El verdadero amor espera
Capítulo 263

Capítulo 263:

Carlos se echó a reír y sacudió la cabeza. Metiendo una gamba hervida en la boca de Debbie, dijo: «No hace falta ser digno delante de Curtis». Curtis y él eran amigos desde hacía veinte años. Pero nunca había esperado que Curtis se convirtiera algún día en su tío político. Debbie se sintió perpleja cuando Carlos le metió las llaves en el bolso.

Dudó un momento y luego decidió no preocuparse más.

Los dos hombres hablaron de negocios mientras ella comía.

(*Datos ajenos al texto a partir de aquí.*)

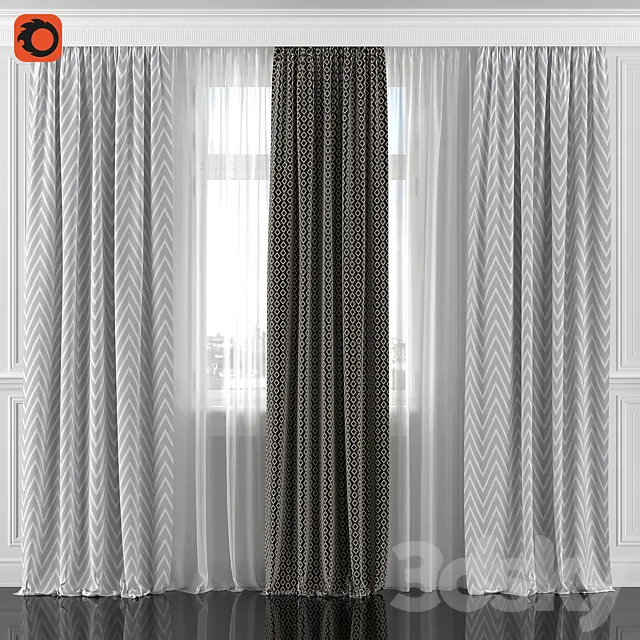 Curtains with window 196C 3DSMax File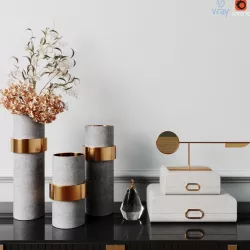West Elm decoration set with eucalyptus and brass gold vase 3D model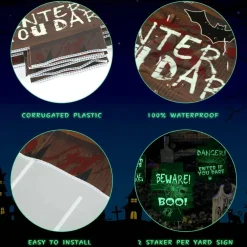 6 Pcs Glow in the Dark Halloween Yard Signs – Fluorescent Scary Graveyard Warning Stakes (“Enter If You Dare”) Outdoor Lawn Decorations for Haunted House, Zombie Cemetery & Party Decor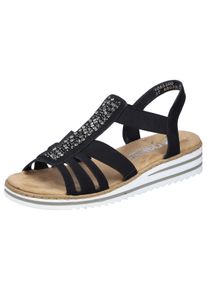 Rieker Damen Keilsandalette, Gr. 42, schwarz, Lederimitat, klassisch, Schuhe, Sommerschuh, Sandale, Keilabsatz, mit Gummizüge für guten Sitz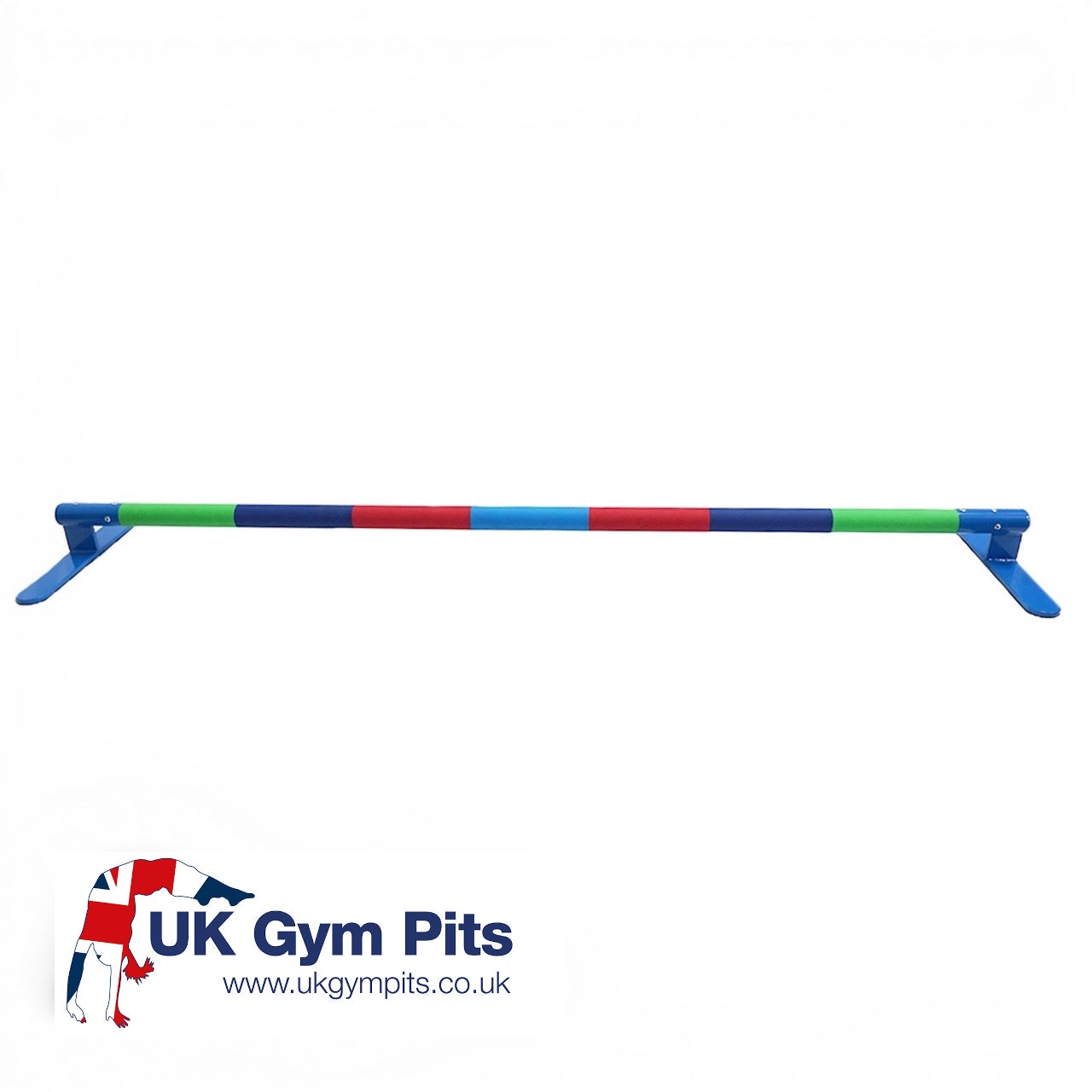 UK Gym Pits gymnastics floor bar with seven colourful rubberised segments on a steel frame for hand placement training
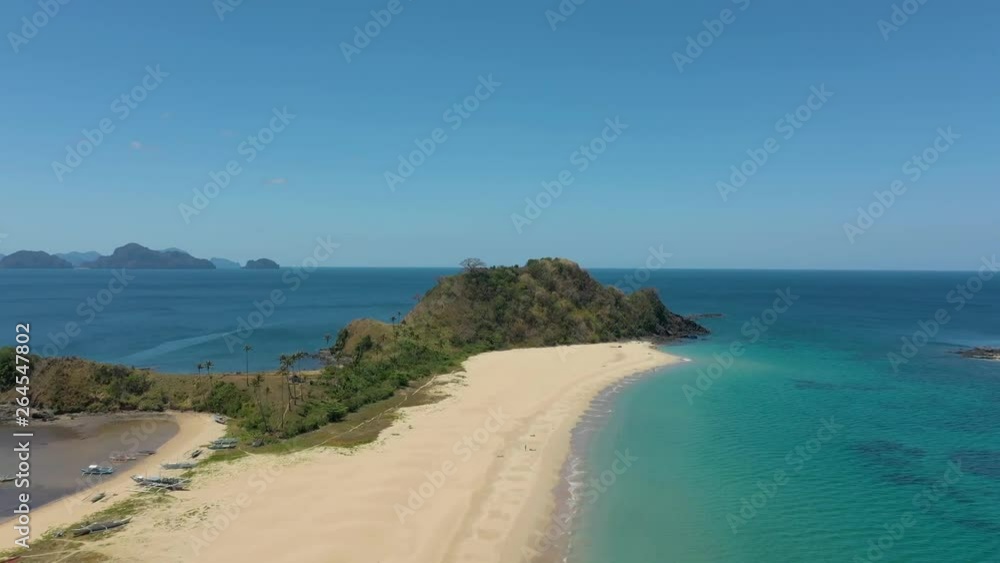 Drone shot fly at end of beach in Palawan, Philippines. Drone shot fly at end of beach in Palawan, Philippines.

Cuando terminó la comida, Debbie se tocó la barriga rellena, que tenía el tamaño de un balón de fútbol. «No debería haber comido tanto. Es hora de acostarse. Últimamente no he corrido ni he hecho yoga. Si sigo así, pronto engordaré».

Carlos le frotó el suave vientre y le dijo: «No te preocupes por eso. Puede que te hayas saltado lo de correr y hacer yoga, pero has practicado otras formas de ejercicio. Con mi ayuda, te mantendrás en forma.

» Debbie estaba confusa.

Lo miró a él y luego a Curtis. La sonrisa en la cara de Curtis le hizo darse cuenta de lo que Carlos había querido decir. Avergonzada, pellizcó el brazo de su marido sin dejar que Curtis la viera. «Cállate», espetó en voz baja.

«Vale», respondió él. Y mantuvo la boca cerrada durante el resto de la comida.

Empezó a lloviznar mientras salían del restaurante, ahogando las esperanzas de Debbie de dar un paseo después de la gran comida.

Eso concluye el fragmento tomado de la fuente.